Evil gang who preyed on vulnerable behind bars
A GANG of gypsy travellers are behind bars after a savage campaign of kidnappings, violence and intimidation against terrified workers.
The clan were lead by fearsome Robert McPhee – nicknamed The Tank Commander.
The 65-year-old teamed up with sons James, 45, and Steven McPhee, 37, as well as son-in-law John Miller, 38, to prey on vulnerable men.
The victims – eight in total – came from broken or troubled backgrounds.
One managed to escape but was caught at Glasgow’s Central station and hauled back.
The men were promised work and money doing jobs such as monoblocking driveways for the notorious family.
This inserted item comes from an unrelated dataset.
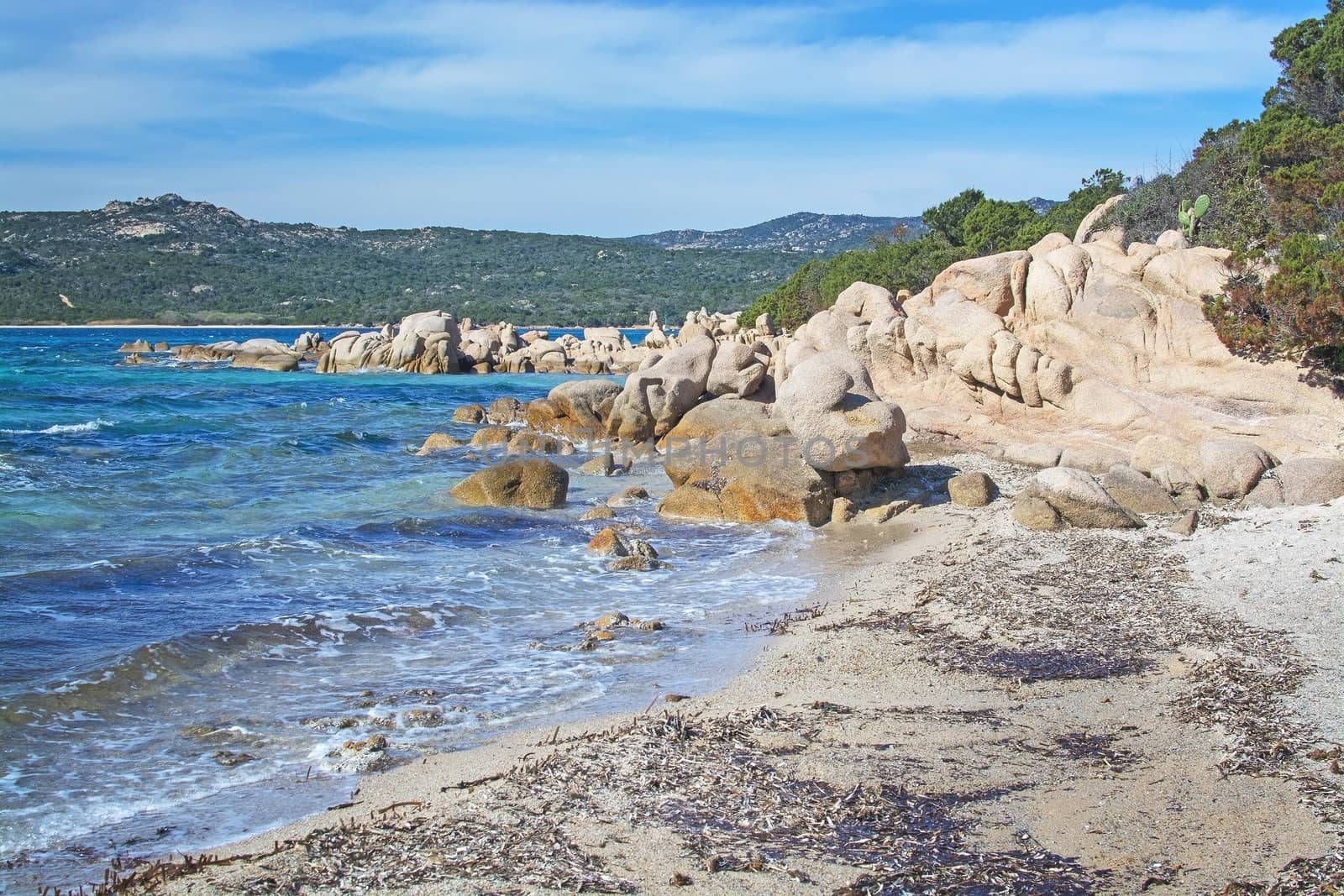 Green water and funny granite rock shapes on a beach in Costa Smeralda, Sardinia, Italy in March.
But, they did mammoth shifts for little or no pay – and were brutally punished if they complained or attempted to escape.
One tortured victim told how he was battered and “taught a lesson” when he tried to get away.
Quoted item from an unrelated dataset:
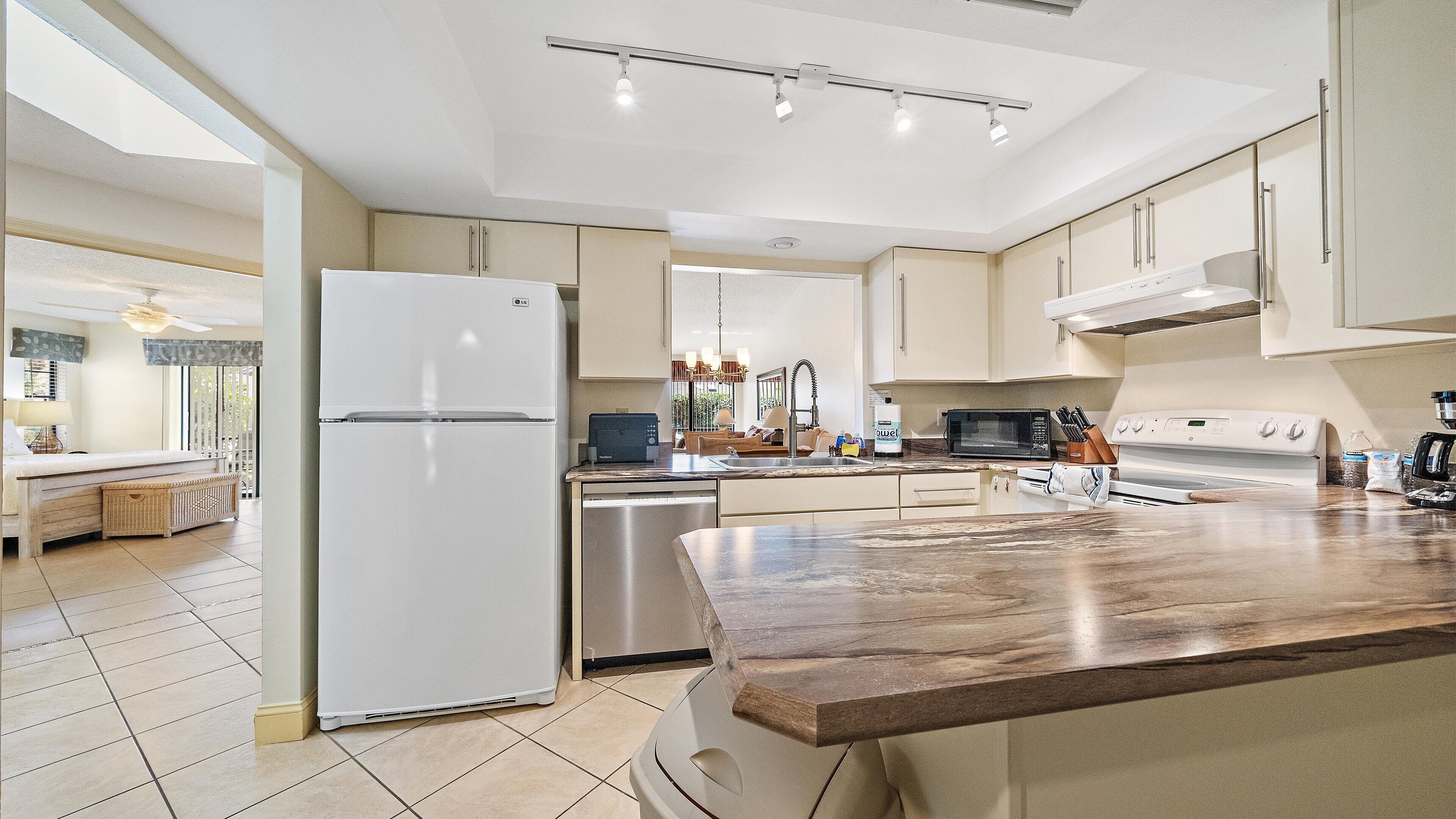 A modern kitchen with a central island, stainless steel appliances, and a view to the dining area.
Another lived in a caravan with no water or toilet – before later being told he was “owned” by the family. Jurors heard further grim evidence of a petrified worker “left cowering like a dog” due to the abuse.
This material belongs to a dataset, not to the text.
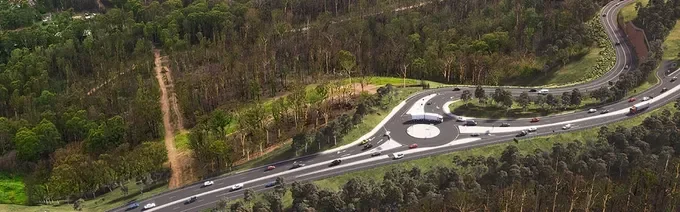 Aerial view of a curved highway surrounded by trees and a forested area.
One man who fled was also told he had a £5,000 bounty on his head and would be “skinned” with a razor unless he returned.
The gang denied the charges claiming they were picked on by “overzealous” police.
But they were found guilty following a five week trial at the High Court in Glasgow.
Robert McPhee – known as Bobby – was convicted of 14 charges, James McPhee eight and John Miller was found guilty of two.
The catalogue of crimes included abductions, assaults and holding workers against their will or in “servitude”.
Steven McPhee had also stood trial, but he admitted to an assaulting one worker near the end of the case.
The crimes spanned between 1992 and 2016.
They stayed at a number of traveller sites across Scotland including one in Bathgate, West Lo- thian and another in Larkhall, South Lanarkshire.
They latterly had a base at Curryside Piggery in Shotts, South Lanarkshire.
Prosecutors said workers were “well chosen” due to being “vulnerable” making them “ripe” to be manipulated.
James Keith was a homeless teenager when he was approached. He was kept in a caravan with no running water.
James was “scared” of Robert McPhee who dished out beatings if more work had not been generated.
James later fled in terror, but remembered being “captured”.
The four were all remanded in custody ahead of sentencing next month.